## TRY IT
After reading the lines below, count those that contain "Football" and give the count alone.

•••••

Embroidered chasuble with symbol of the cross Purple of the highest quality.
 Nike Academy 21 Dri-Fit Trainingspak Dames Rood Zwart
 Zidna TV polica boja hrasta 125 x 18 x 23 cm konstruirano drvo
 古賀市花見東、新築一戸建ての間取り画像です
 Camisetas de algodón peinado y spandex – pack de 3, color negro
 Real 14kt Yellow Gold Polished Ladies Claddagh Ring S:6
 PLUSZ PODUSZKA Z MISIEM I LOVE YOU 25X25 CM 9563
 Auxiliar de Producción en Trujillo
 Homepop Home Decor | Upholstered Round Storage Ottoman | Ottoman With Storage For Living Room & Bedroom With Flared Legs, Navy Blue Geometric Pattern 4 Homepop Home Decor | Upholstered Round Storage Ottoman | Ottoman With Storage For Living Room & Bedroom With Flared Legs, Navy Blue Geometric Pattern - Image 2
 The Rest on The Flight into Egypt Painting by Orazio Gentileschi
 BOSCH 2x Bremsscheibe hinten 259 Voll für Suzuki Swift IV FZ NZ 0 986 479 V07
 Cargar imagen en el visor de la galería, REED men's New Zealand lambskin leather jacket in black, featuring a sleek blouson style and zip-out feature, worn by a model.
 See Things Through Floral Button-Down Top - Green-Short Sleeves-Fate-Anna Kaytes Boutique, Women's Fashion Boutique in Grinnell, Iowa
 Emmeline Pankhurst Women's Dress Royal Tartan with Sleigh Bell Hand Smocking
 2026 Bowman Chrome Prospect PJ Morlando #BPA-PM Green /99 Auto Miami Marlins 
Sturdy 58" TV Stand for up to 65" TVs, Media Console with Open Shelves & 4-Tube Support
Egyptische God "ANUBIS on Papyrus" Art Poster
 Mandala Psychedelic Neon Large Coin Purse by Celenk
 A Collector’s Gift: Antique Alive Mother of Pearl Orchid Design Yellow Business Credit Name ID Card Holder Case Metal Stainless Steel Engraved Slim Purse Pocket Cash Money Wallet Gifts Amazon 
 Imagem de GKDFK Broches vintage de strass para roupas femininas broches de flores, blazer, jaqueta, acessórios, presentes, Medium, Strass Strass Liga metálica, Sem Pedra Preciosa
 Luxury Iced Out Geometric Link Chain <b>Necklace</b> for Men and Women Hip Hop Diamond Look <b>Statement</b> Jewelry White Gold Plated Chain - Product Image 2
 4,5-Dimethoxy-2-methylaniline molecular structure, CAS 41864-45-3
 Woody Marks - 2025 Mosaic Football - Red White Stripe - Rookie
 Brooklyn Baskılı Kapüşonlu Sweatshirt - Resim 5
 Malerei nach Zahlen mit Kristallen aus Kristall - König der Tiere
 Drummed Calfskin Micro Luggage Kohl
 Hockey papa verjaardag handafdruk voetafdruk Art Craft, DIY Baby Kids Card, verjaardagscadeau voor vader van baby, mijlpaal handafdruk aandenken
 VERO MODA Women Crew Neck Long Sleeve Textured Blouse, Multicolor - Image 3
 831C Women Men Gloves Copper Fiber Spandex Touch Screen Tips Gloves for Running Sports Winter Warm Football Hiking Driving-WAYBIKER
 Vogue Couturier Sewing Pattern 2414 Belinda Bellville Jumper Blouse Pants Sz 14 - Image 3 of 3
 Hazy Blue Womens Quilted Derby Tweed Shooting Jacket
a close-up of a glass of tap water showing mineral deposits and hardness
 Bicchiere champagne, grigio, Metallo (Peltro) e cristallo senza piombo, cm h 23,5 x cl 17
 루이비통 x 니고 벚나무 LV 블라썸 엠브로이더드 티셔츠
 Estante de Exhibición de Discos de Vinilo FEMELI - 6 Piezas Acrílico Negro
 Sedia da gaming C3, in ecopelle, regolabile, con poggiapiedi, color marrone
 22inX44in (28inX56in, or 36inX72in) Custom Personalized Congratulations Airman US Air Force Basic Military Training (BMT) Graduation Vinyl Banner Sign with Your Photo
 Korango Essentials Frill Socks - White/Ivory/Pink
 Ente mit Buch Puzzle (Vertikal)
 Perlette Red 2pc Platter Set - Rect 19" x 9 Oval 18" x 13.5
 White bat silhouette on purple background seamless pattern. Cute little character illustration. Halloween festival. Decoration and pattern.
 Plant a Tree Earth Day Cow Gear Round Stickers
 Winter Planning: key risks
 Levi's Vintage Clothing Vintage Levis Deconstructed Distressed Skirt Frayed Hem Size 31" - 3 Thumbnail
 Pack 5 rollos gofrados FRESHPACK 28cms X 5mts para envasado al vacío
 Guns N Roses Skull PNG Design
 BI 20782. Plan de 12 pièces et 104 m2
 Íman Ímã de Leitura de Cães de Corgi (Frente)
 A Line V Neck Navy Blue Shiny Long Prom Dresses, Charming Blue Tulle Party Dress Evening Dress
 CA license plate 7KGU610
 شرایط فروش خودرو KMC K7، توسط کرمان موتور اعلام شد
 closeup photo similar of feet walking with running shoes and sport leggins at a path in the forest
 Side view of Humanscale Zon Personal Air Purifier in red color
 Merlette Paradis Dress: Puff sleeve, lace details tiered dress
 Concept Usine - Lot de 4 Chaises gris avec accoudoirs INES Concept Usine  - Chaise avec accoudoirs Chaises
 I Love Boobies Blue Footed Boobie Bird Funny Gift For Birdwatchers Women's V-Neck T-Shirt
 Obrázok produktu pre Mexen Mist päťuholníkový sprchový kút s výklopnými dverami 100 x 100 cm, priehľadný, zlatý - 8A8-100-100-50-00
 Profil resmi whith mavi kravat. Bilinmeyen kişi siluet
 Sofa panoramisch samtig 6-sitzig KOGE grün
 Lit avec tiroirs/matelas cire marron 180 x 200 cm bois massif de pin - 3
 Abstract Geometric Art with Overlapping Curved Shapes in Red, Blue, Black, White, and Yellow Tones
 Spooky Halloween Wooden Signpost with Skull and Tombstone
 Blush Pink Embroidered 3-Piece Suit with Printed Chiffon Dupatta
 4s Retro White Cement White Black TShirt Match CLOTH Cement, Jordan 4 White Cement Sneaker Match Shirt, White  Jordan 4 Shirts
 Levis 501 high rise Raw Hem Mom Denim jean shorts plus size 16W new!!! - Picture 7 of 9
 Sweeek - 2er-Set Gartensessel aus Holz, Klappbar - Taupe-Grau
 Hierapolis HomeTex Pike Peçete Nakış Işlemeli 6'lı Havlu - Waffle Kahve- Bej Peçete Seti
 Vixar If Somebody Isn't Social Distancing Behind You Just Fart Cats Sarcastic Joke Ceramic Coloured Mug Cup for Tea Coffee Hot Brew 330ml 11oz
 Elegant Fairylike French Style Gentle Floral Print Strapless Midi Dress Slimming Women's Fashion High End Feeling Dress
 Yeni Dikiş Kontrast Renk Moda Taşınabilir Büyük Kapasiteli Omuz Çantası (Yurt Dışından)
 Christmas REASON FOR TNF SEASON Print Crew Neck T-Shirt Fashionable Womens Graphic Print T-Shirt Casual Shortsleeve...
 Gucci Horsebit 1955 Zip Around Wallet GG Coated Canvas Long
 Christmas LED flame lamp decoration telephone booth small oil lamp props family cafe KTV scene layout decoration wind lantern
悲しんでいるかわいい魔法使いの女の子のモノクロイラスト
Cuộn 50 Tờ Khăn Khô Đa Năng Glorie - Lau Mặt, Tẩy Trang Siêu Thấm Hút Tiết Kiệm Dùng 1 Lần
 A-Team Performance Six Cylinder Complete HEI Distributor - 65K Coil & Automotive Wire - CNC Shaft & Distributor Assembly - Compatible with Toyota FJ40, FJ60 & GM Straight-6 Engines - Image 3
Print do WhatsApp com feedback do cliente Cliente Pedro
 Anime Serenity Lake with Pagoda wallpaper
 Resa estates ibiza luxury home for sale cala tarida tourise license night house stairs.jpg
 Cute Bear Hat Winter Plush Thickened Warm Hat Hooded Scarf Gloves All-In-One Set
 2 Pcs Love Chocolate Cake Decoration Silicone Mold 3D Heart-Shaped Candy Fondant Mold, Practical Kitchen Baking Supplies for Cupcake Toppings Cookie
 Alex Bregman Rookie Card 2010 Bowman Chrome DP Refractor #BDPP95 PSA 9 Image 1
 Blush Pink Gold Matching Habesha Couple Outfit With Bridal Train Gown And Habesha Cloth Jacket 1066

•••••

## EXPECTED ANSWER
2